3 Sept. 2002
A model of caring

Ron Medvescek / Staff
Heather Chase, founder of Models With Conscience, is a Tucson-based model and author whose group promotes the use of products developed without animal research and which do not contain animal byproducts. Chase likes to "snuggle and cuddle" with her horse, an activity that's "good for my heart."
International group's founder a Tucson-based advocate for all creatures
By Kimberly Matas
ARIZONA DAILY STAR
Heather Chase, an only child, grew up with kittens for playmates.
Those early bonds enhanced her innate love of animals. It wasn't until she saw a neighbor beating his dog that Chase realized not everyone shared her views about animals.
Those early childhood events shaped her decision to become an advocate for all creatures.
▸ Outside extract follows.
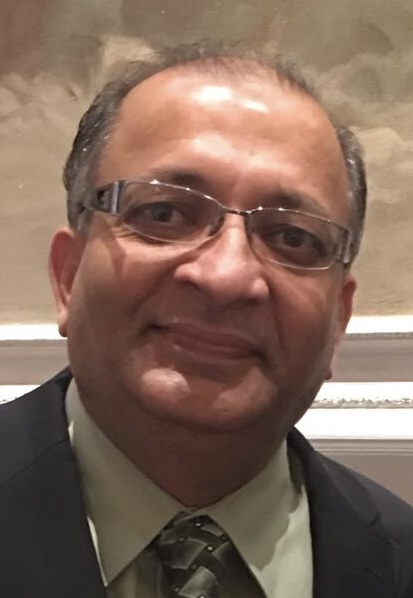 Atul Patel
Four years ago, the Tucson-based model and author founded Models With Conscience, an international group of models of various ages, sizes and nationalities dedicated to promoting animal-friendly products and causes. MWC is not an agency. It takes no money for recommending its models to companies that do not test products on animals or use animal byproducts in their cosmetics, household goods, foods or clothing lines.
MWC also operates a Web site that offers options for consumers who want to maintain a compassionate lifestyle, Chase said. MWC has 30 members from the United States, United Kingdom, Australia, Israel and Canada.
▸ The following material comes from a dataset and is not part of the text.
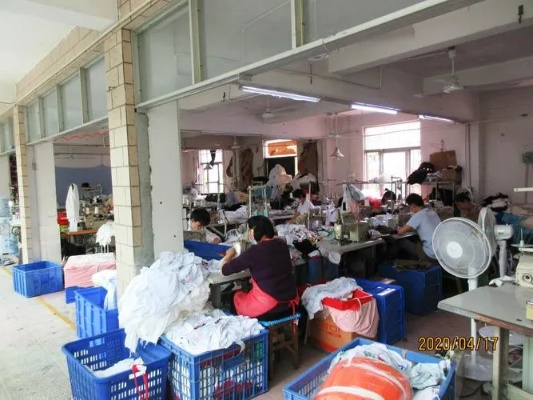 深圳市迎海服饰厂怎么样 深圳市迎海服饰厂怎么样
To further educate the public, Chase wrote a book, "Beauty Without the Beasts: A Guide to Cruelty-Free Personal Care" (Lantern Books, $15). It is a primer for anyone interested in adopting the habits MWC promotes.
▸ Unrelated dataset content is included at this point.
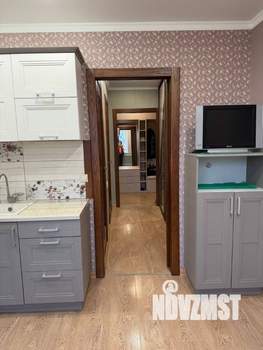 2-к квартира, вторичка, 59м2, 9/10 этаж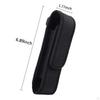 Flashlight Easy to Carry Pouch for Hunting Fishing Outdoor Activities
Now she is working on a book titled "Heroes of Hope," offering "profiles of 16 heroes from recent history who helped the world through nonviolence," she said.
Because Chase and her husband, Ken Beller, often travel, they have no house pets now.
"It wouldn't be fair to have a pet at home," Beller said. They do have a horse, though, boarded with a trainer on the far- West Side of town. Smart Lil' Satch is a 6-year-old sorrel quarter horse gelding with a coat that glistens a brilliant orange-brown in the morning sun. About four times a week, the two come out to ride Satch.
"We got him mostly for his mellow disposition," Chase said. "When you ask him to go, he goes full blast, and 30 seconds later he's almost asleep."
Beller and Satch enter reining and working-cow competitions, which require rider and horse to perform a series of maneuvers and move a cow around an arena in a specific pattern. The competitions do not include any calf roping or rodeo-type wrangling, Beller and Chase are quick to point out.
"She gives him fun; I give him work," Beller said.
"I just like to snuggle him," Chase added. "It's wonderful for me to have a companion animal. I'm using my mind so much (writing and working on Models With Conscience). It's a very mental way of helping animals, and I can come out here and snuggle and cuddle with him, and it's good for my heart.
"Through my whole life, as a toddler being an only child, cats were my siblings. I really bonded with animals from an early age. When I grew up and realized some people didn't feel the same, it really hurt my heart."
Chase has less experience riding than her husband, so she prefers a slower pace when taking Satch into the arena.
"I completely trust him," she said. When Chase is atop Satch, "he just kind of plops around the arena like a pony ride."
Soon Satch will have company in the stable. Chase's aunt in Colorado is sending her a 14-year-old thoroughbred named Baby Girl so the couple can go on trail rides together.
"It's so nice to come out here and reconnect with the animals and nature," Chase said as she leaned against the arena fence and watched Beller put Satch through his paces.